Utilizing the 2014 HBS, the standard poverty measurement exercise consists of three major steps (i) construction of a consumption aggregate, (ii) setting poverty lines, and (iii) aggregation of poverty measures, such as the poverty headcount rate. The consumption aggregate consists of two major components: food and non-food. In the case of Yemen, the non-food consumption can be further divided into four sub-categories of: durable goods, housing, education and other non-food items and services.

The second step in poverty measurement is setting poverty lines to classify households into poor and non-poor based on their consumption values. The most common approach to estimating poverty lines is the cost-of-basic-needs (CBN) approach developed by Ravallion (1998; 1994). Poverty lines under the CBN consist of two components: the food poverty line and the non-food allowance. The food poverty line represents a monetary value (in Yemeni riyals in this context) required to purchase a basket of food items that satisfies a basic minimum caloric threshold. This basket consists of items commonly consumed by the less well-off segment of the population.
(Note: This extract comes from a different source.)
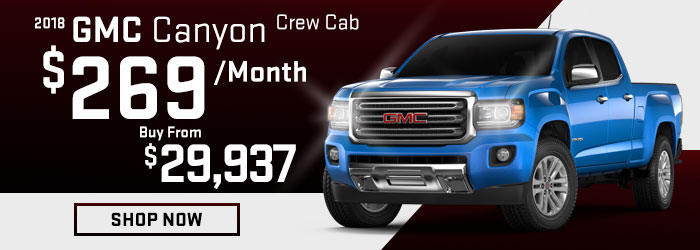2018 GMC Canyon Crew Cab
The price of the basket is the food poverty line to which the non-food allowance is added to account for the basic minimum needs for non-food goods and services. The total poverty line is a sum of the food poverty line and the non-food allowance. Anyone whose consumption is below this line is considered poor.
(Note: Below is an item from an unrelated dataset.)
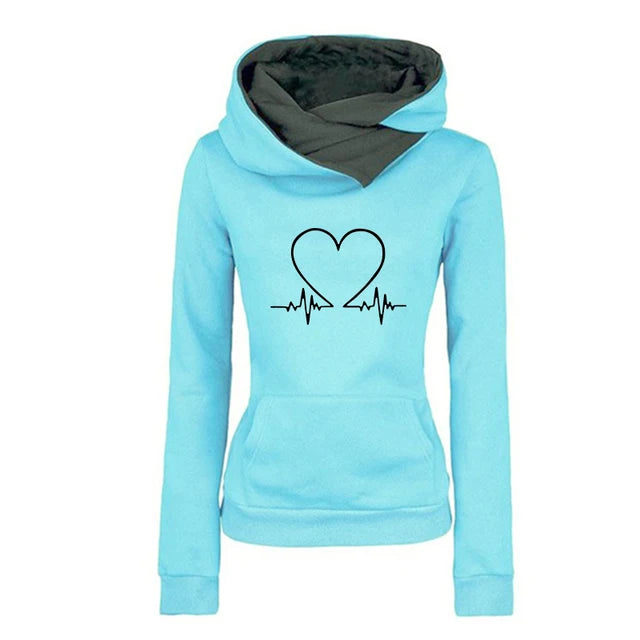Elza | Kärleksfull hoodie med hjärta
The final step is to estimate poverty and inequality statistics using the consumption aggregate and the total poverty line. For Yemen using Yemen Household Budget Survey (2014), a consumption aggregate was constructed from various components: food consumption, non-food consumption (education, durable goods, housing and other non-food items and services). It was then adjusted for spatial price variations by the Paasche index. The total poverty line of YRI 162,528 per person per year was estimated using the CBN approach.


The Impact on Poverty


Utilizing this poverty line, this chapter makes an effort to extrapolate Yemen’s poverty trend from 2014 to 2016 utilizing the decline in real GDP. First, a microsimulation method is used that takes into account the impact of the economic collapse on available labor market opportunities (employment as well as earnings), the partial non-payment of public sector salaries and other public transfers such as those through the Social Welfare Fund – Yemen’s flagship social assistance program. Second, utilizing smaller-scale instances of conflict that occurred during the collection of the 2014 HBS to estimate a lower bound of the impact the current conflict is having on poverty. Results suggest that headcount poverty rates in 2016 range between 62 and 78 percent. In terms of number of poor, this translates to a range of 17 and a half million and 21 million people, and is at least 4 million higher than the number of poor estimated from the Household Budget Survey of 2014. The results also suggest a significant increase in the depth as well as severity of poverty in 2016.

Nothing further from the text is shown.